Based upon this model, FIXa play two roles in coagulation. In the initiation phase, FIXa plays an important role in generating small amounts of thrombin via activation of FX to FXa and subsequent prothrombin activation. However, this role of FIXa is at least partially redundant with the tissue factor FVIIa-catalyzed conversion of FX to FXa. The more critical role of FIXa occurs in the propagation phase, in which the FVIIIa/FIXa enzyme complex serves as the sole catalyst of FXa generation on the activated platelet surface. Therefore, a reduction in FIXa activity, either due to genetic deficiency in FIX (i.e. hemophilia B) or pharmacologic inhibition of FIX/IXa, is expected to have several effects on coagulation. First, inhibition or loss of FIXa activity should partially dampen the initiation of coagulation. Second, inhibition or loss of FIXa activity should have a profound effect on the propagation phase of coagulation, resulting in a significant reduction or elimination of thrombin production. Finally, limitation of thrombin generation during the propagation phase will at least partially quell feedback amplification of coagulation by reducing activation of platelets and upstream coagulation factors such as factors V, VIII and XI.

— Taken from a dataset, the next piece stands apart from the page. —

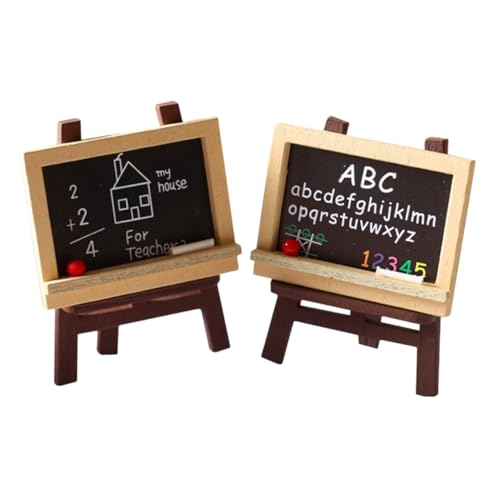 KONTONTY 1 Set Staffelei Ornamente Klein Miniatur Kleines Puppenhaus Zubehör Staffeleien Mini Staffelei Kinderstaffelei Puppenhaus Mini Puppenhaus Staffelei Ständer Möbel Für KONTONTY 1 Set Staffelei Ornamente Klein Miniatur Kleines Puppenhaus Zubehör Staffeleien Mini Staffelei Kinderstaffelei Puppenhaus Mini Puppenhaus Staffelei Ständer Möbel Für von KONTONTY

Prior Animal and Human Evaluation of Inhibitors of FIXa

Inhibitors of FIX activity, such as active site-inactivated factor IXa (FIXai) or monoclonal antibodies against FIX (e.g., the antibody BC2), have exhibited potent anticoagulant and antithrombotic activity in multiple animal models, including various animal models of arterial thrombosis and stroke (Benedict et al., 1991; Choudhri et al., 1999; Feuerstein et al., 1999; Spanier et al., 1998a; Spanier et al., 1997; Spanier et al., 1998b; Toomey et al., 2000). In general, these studies have shown that FIXa inhibitors have a higher ratio of antithrombotic activity to bleeding risk than unfractionated heparin in animals. However, in these studies, at doses marginally higher than the effective dose, animals treated with these agents have exhibited bleeding profiles no different than heparin. Such an experience in well-controlled animal studies suggests that, in the clinical setting, the ability to control the activity of a FIXa inhibitor would enhance its safety and facilitate its medical use. In addition, FIXai has been shown to be safe and effective as a heparin replacement in multiple animal surgical models requiring anticoagulant therapy, including rabbit models of synthetic patch vascular repair, as well as canine and non-human primate models of CABG with cardiopulmonary bypass (Spanier et al., 1998a; Spanier et al., 1997; Spanier et al., 1998b). FIXai has also been used successfully for several critically ill patients requiring cardiopulmonary bypass and in the setting of other extracorporeal circuits such as extracorporeal membrane oxygenation (Spanier et al., 1998a) by physicians at the Columbia College of Physicians and Surgeons, on a compassionate care basis. Thus, FIXa is a validated target for anticoagulant therapy in coronary revascularization procedures (both CABG and PCI), and for the treatment and prevention of thrombosis.